Si qqn a une solution miracle, je prend...


----------



## macinside (24 Juin 2003)

tien je viens d'installer ichat AV et l'alerte est revenu


----------



## iMax (24 Juin 2003)

Bah je vais aussi l'installer, tiens...


----------



## iMax (24 Juin 2003)

Je peux pas l'installer, y'a une couille sur le site d'Apple et je peux pas le charger


----------



## Pitchoune (25 Juin 2003)

J'essaie à l'instant. On verra!


----------



## Pitchoune (25 Juin 2003)

Super ton truc!

En effet, ça marche!

Merci beaucoup!


----------



## macinside (25 Juin 2003)

d'autres témoigniage ?


----------



## Monsieur Paul (28 Juillet 2003)

Ben j'avais oublié, mais je confirme : installer iChat AV a relancé le système d'alerte. Va comprendre...
RDV à la prochaine MàJ !


----------



## macinside (28 Juillet 2003)

bizarre non !


----------



## Monsieur Paul (28 Juillet 2003)

Bin ouais.

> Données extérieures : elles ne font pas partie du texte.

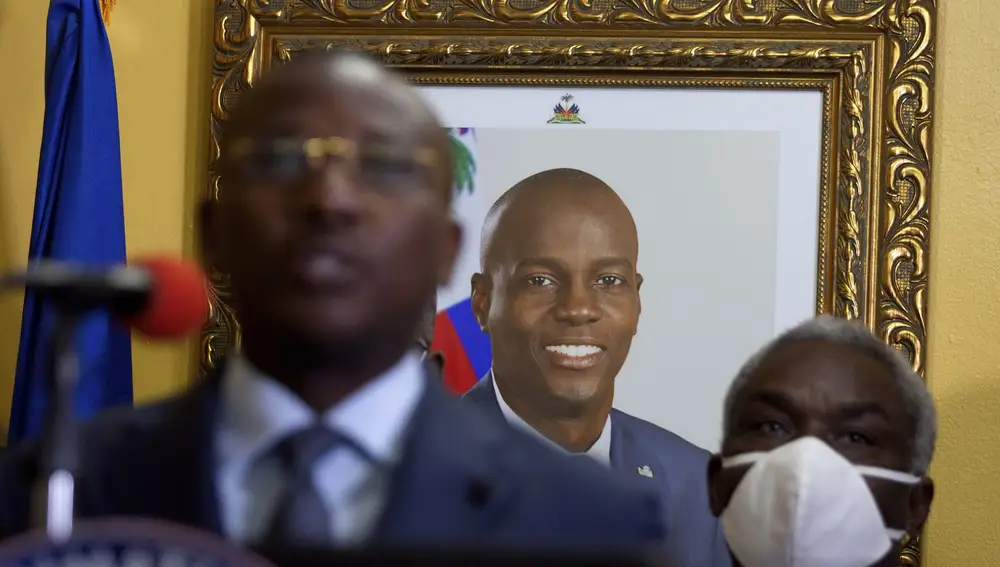 A picture of late Haitian President Jovenel Moise hangs on the wall of his former residence, behind interim Prime Minister Claude Joseph giving a press conference in Port-au-Prince, Tuesday, July 13, 2021. Authorities in Haiti on Thursday forcefully pushed back against reports that current government officials were involved in the July 7 killing of Haitian President Jovenel Moïse, calling them “a lie.†(AP Photo/Joseph Odelyn)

Mais Apple nous réserve tant de surprises ! Soyons juste : les machines en règle TRES générale nous surprendront toujours !  
	

	
	
		
		

		
		
	


	



Tiens c'est comme iChat AV qui ne veut pas utiliser mon caméscope DV comme webcam sur mon iBook600. Apple demande un G4 pour ça : c'est pas bizarre ça non plus ?


----------



## macinside (28 Juillet 2003)

[HS] j'ai un Ti 500 avec un isight et ça pompe pas mal de ressource donc ça se conprend [/HS]


----------